Tombouctou fut une ville-lumière, située aux confluences de plusieurs civilisations et la fameuse université de Sankoré, véritable foyer intellectuel qui attirait, tels des lucioles, des savants du monde entier venus s’abreuver à la source limpide du savoir, n’a pas peu contribué, à l’apogée de la ville, entre les 15ème et 16ème siècles, à fonder la renommée universelle de la Cité mystérieuse
La mosquée de Sankoré abritait la Medersa, cette université qui valut au 15ème siècle son rayonnement international à la cité qui, à l’époque, comptait près de 100 000 habitants. 25 000 étudiants se répartissaient entre l’université et les 180 écoles coraniques. Provenant de tout le monde musulman, ils venaient parfaire leurs connaissances en théologie, en droit, en grammaire, mais aussi en matière de traditions, d’histoire et d’astrologie. Des lettrés, écrivains et théologiens venus du Maghreb faisaient le déplacement, autant pour apprendre que pour enseigner.
Des professeurs de Tombouctou se voyaient invités par la célèbre université musulmane d’AI-Ahzar en Egypte. Des jurisconsultes marocains de Fès faisaient le voyage de Tombouctou pour renouveler leur savoir. Le vrai trésor de Tombouctou est constitué d’un ensemble de près de 100 000 manuscrits, détenus par les grandes familles de la ville.
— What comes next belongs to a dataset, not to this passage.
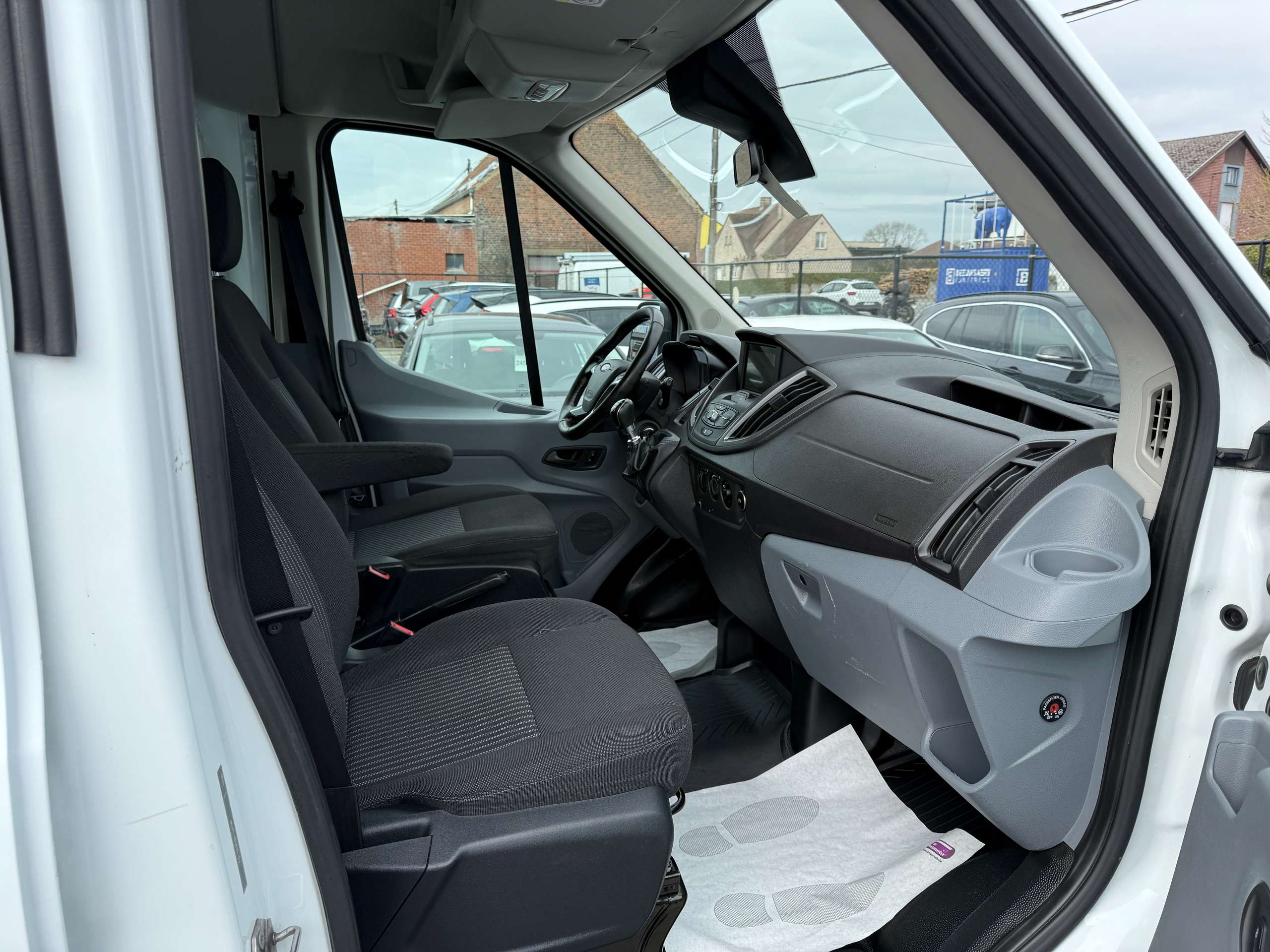48afd479-b8b3-450a-9de8-65c8f616976b26-ford-transit-2-0-tdci-rolstoellift-navigatie-camera-pdc-carplay.jpg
Ces manuscrits, dont certains datent de l’époque préislamique, remontant 12ème siècle, sont conservés comme des secrets de famille. Ils sont pour la plupart écrits en arabe ou en fulani, la langue peule, par des savants originaires de l’ancien empire du Mali et contiennent un savoir didactique, notamment dans les domaines de l’astronomie, de la musique, de la botanique, de la médecine…
Des manuscrits plus récents couvrent le droit, les sciences, l’histoire (avec d’inestimables documents comme le Tarikh es-Sudan de Mahmoud Kati sur l’histoire au 15ème siècle et le Tarikh el-Fetash d’Abderahmane Es-Saad, au 17ème siècle), la religion, le commerce. L’Institut des hautes études et recherches islamiques (IHERI) Ahmed Baba (Cedrab), fondé en 1970 avec l’aide de l’UNESCO, recueille ces manuscrits pour les restaurer et les numériser. Si plus de 18 000 ont déjà été collectés, on estime qu’il en existerait jusqu’à 300 000 dans la zone touarègue.
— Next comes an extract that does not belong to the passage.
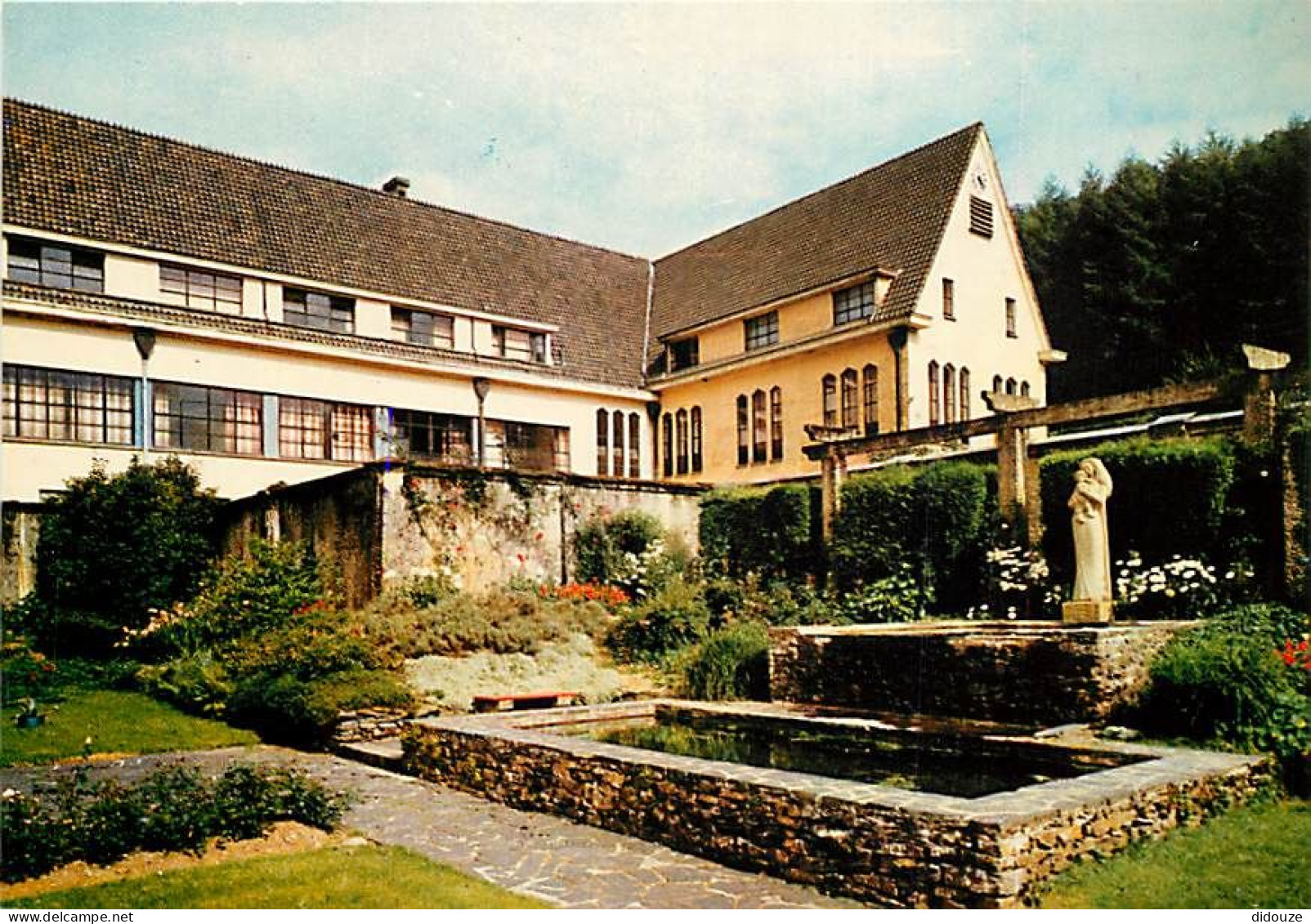 Belgique - Bouillon Sur Semois - Abbaye Cistercienne Notre Dame De Clairefontaine - Coté Sud De La Maison De Retraites - - Bouillon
60 à 80 bibliothèques privées existent dans la ville, parmi lesquelles la bibliothèque commémorative Mamma Haidara et la bibliothèque Mahmoud Kati. Couvrant l’ensemble des domaines du savoir, les manuscrits sont menacés par les mauvaises conditions de conservation et surtout par le trafic dont ils font l’objet au profit de riches collectionneurs occidentaux.
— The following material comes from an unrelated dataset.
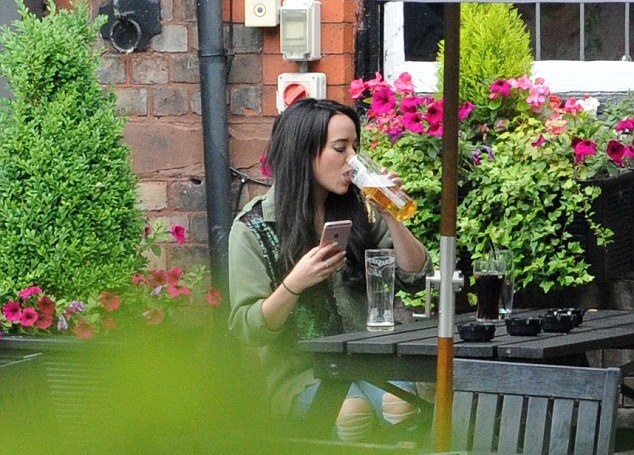 Stephanie Davis beer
Lorsque le 25 Janvier 2012, les djihadistes qui se sont emparés du Nord Mali ont perpétré un autodafé à la grande bibliothèque Ahmed Baba, tout le monde a craint le pire. Heureusement, grâce au courage et à la perspicacité de certains Tombouctiens, l’essentiel de ce fond documentaire, unique au monde, fut sauvé. Quelques milliers de manuscrits furent quand même détruits.
Cet épisode devrait donner à réfléchir. Comment trouver les voies et moyens de valoriser et d’exploiter ces manuscrits, de les traduire, d’en faire des matériels didactiques pour les écoles, les rendre redondants, pour emprunter un vocabulaire cher aux informaticiens, afin qu’en cas de coup dur, les connaissances qu’ils contiennent ne se perdent pas?
Comme on l’a vu avec l’incendie de la fameuse bibliothèque d’Alexandrie, où d’inestimables savoirs qui permettaient, par exemple, aux thaumaturges de guérir, d’un seul mot, des maux réputés incurables, sont partis en fumée. Pour toujours.